Stale NFS File Handle
By Julien Gabel on Wednesday 7 March 2007, 19:29 - Solaris - Permalink
How to decode this cryptic NFS write error a Solaris client system, found in
the /var/adm/messages log file?
Feb 26 11:54:26 clssunp120 nfs: [ID 626546 kern.notice] NFS write error on \ host nfs1_prd: Stale NFS file handle. Feb 26 11:54:26 clssunp120 nfs: [ID 702911 kern.notice] (file handle: 40260001 \ ffffffff a0000 1dc24 d5 a0000 2 0)
The problem is that the file handle specification is used and interpreted internally by the NFS client subsystem, and evolved with each release of the operating system. Luckily, we need only two fields (on the eight printed in the record file). The first field is the file system id (or device id) and is generally the first number of the file handle. The second field of interest is the inode number, which is found at the four, or five reference in the file handle (please note that the inode is reported in hexadecimal format).

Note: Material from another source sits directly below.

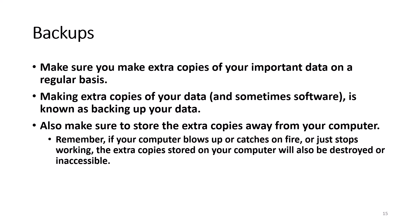More importantly, make sure you make extra copies of your important data on a regular basis. Making extra copies of data, and sometimes your software, is known as backing up your data. Also make sure that you store the extra copies away from your computer. Remember, if your computer blows up or catches on fire, or just stops working, the extra copies stored on the computer will also be destroyed or inaccessible.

So, consider the following file handle:
40260001 ffffffff a0000 1dc24 d5 a0000 2 0
We can now know which file system is the culprit:
# grep 40260001 /etc/mnttab nfssrv:/t/tools/SunOS/isa /tools/isa nfs rw,intr,soft,dev=40260001 1172569690
Translate the inode number to decimal, to be used in conjunction with the
find(1) utility:
# echo "ibase=16; `echo 1dc24 | tr [:lower:] [:upper:]`" | bc 121892
Last, the file name a process is currently trying to reference can be found easily with:
# find /tools/isa -mount -inum 121892 -print 2> /dev/null
Search for the info doc 73152 on the SunSolve web site for more information in this subject (you must have a registered Sun support customer account to be able to view this document).

Comments
#!/bin/sh
#
# fhfind: takes the expanded filehandle string from an
# NFS write error or stale filehandle message and maps
# it to a pathname on the server.
#
# The device id in the filehandle is used to locate the
# filesystem mountpoint. This is then used as the starting
# point for a find for the file with the inode number
# extracted from the filehandle.
#
# If the filesystem is big - the find can take a long time.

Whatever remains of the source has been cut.